I got the follow error:
INFO org.apache.flume.sink.hdfs.BucketWriter: Creating hdfs://192.168.109.6:8020/user/flume/tweets/2015/06/03/06//FlumeData.1433311217583.tmp
WARN org.apache.flume.sink.hdfs.HDFSEventSink: HDFS IO error
java.net.ConnectException: Call From cluster-05.xxxx.com/192.168.109.6 to cluster-05.xxxx.com:8020 failed on connection exception: java.net.ConnectException: Connection refused; For more details see: http://wiki.apache.org/hadoop/ConnectionRefused
The configuration that I did was :
flume-conf.property:
TwitterAgent.sinks.HDFS.channel = MemChannel
TwitterAgent.sinks.HDFS.type = hdfs
TwitterAgent.sinks.HDFS.hdfs.path = hdfs://192.168.109.6:8020/user/flume/tweets/%Y/%m/%d/%H/
TwitterAgent.sinks.HDFS.hdfs.fileType = DataStream
TwitterAgent.sinks.HDFS.hdfs.writeFormat = Text
TwitterAgent.sinks.HDFS.hdfs.batchSize = 1000
TwitterAgent.sinks.HDFS.hdfs.rollSize = 0
TwitterAgent.sinks.HDFS.hdfs.rollCount = 10000
I using the follown pluggins:
(I replace the version of the twitter4j-*-3.0.3.jar for the twitter4j-*-2.2.6.jar)

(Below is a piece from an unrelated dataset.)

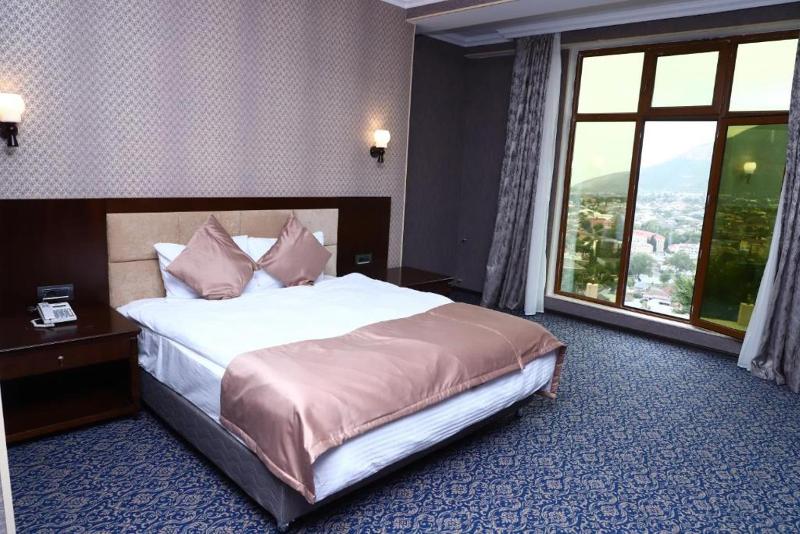 Ruma Qala Hotel - Oda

also the directory using hdfs user
hadoop fs -ls /user/flume :
drwxrwxrwx - flume flume /user/flume/tweets
core-site.xml ( at /hadoop/conf ) i Add:
< property >
< name >fs.default.name< / name >
< value >hdfs://localhost:8020< / value >
< /property >
I also run hadoop dfsadmin -safemode leave on the host where I left the Flume Agent as HDFS user
I really appreciate your help, on this issue.
Regards,
AR
Created 06-03-2015 10:07 PM
I find the solution myself, and I left you here, .. in case anyone has the same error..

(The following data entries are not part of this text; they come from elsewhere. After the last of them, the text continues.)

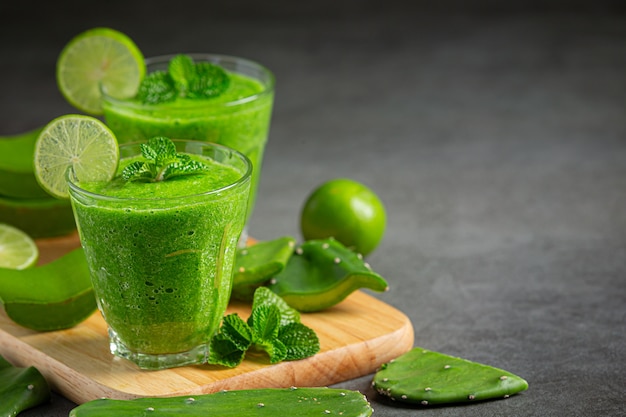 Two glasses of aloe vera  juice put on wooden cutting board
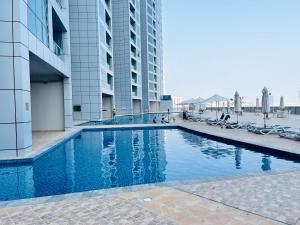 a swimming pool in front of a building at Holiday Homes Amazing 2 Bedroom City Skyline View in Ajman 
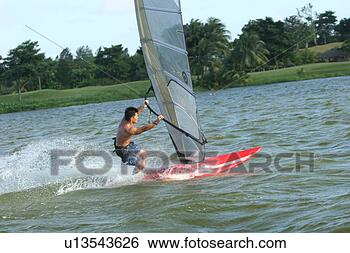 Stock Photo - windsurfer in 
action. fotosearch 
- search stock 
photos, pictures, 
images, and photo 
clipart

my error was ( because i was in a cluster )
I should point into the hadoop host.. so .. I change the address.. here
TwitterAgent.sinks.HDFS.hdfs.path = hdfs://192.168.109.6:8020/user/flume/tweets/%Y/%m/%d/%H/
and everything was running smoothly
thanks
Created 06-03-2015 10:07 PM
I find the solution myself, and I left you here, .. in case anyone has the same error..
my error was ( because i was in a cluster )

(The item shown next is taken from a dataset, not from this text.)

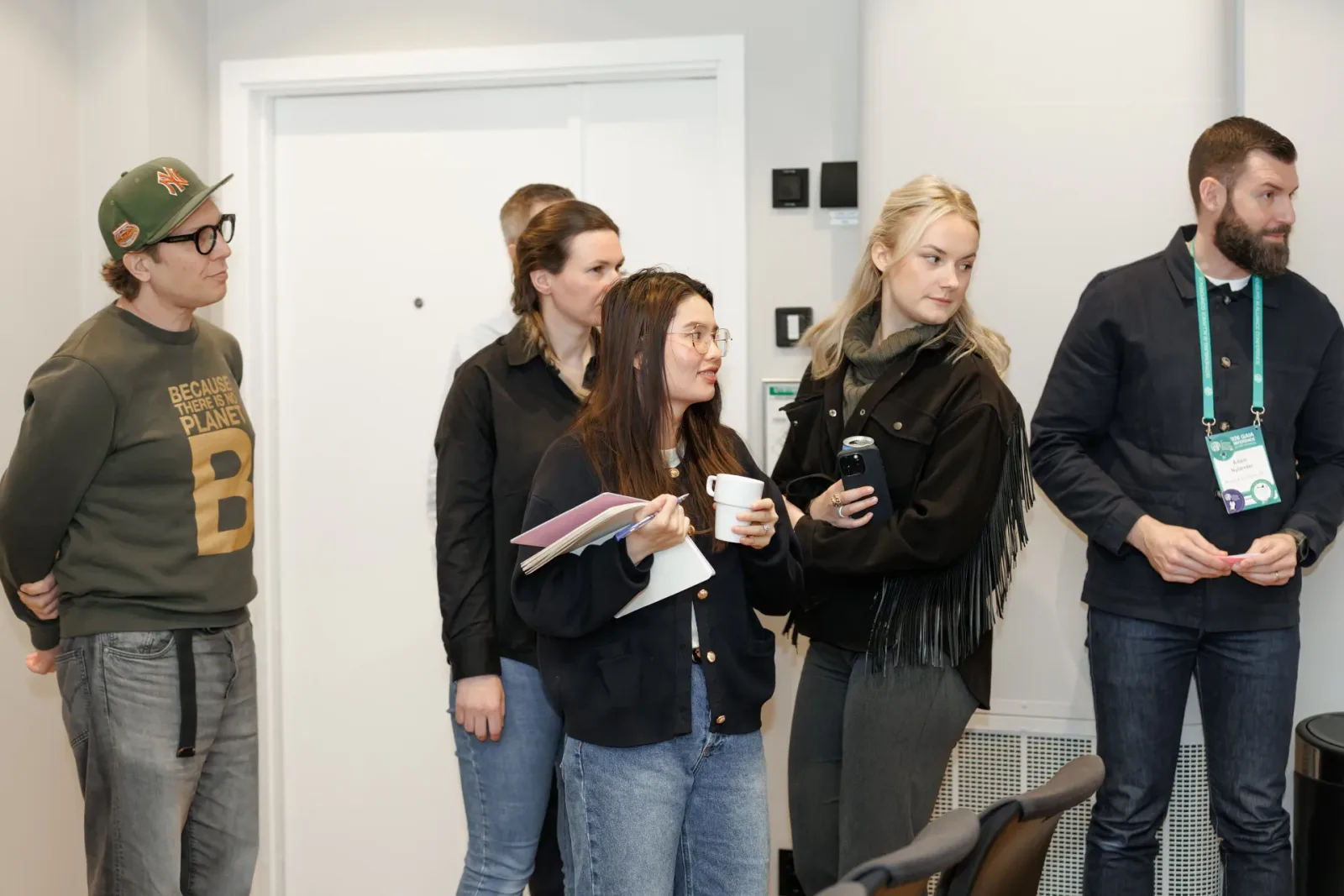 Workshop participants standing and listening, one holding a notebook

I should point into the hadoop host.. so .. I change the address.. here
TwitterAgent.sinks.HDFS.hdfs.path = hdfs://192.168.109.6:8020/user/flume/tweets/%Y/%m/%d/%H/
and everything was running smoothly
thanks
Created 03-29-2016 10:39 PM
Hai, as you explaned above you changed some address for solving HDFS IO error and i not see any chage in address which you given in solution can you explain clear what you done for solving above error
Created 07-24-2017 03:06 PM
In my case the problem was the port number which was incorrect. I ensured that I used the Namenode port.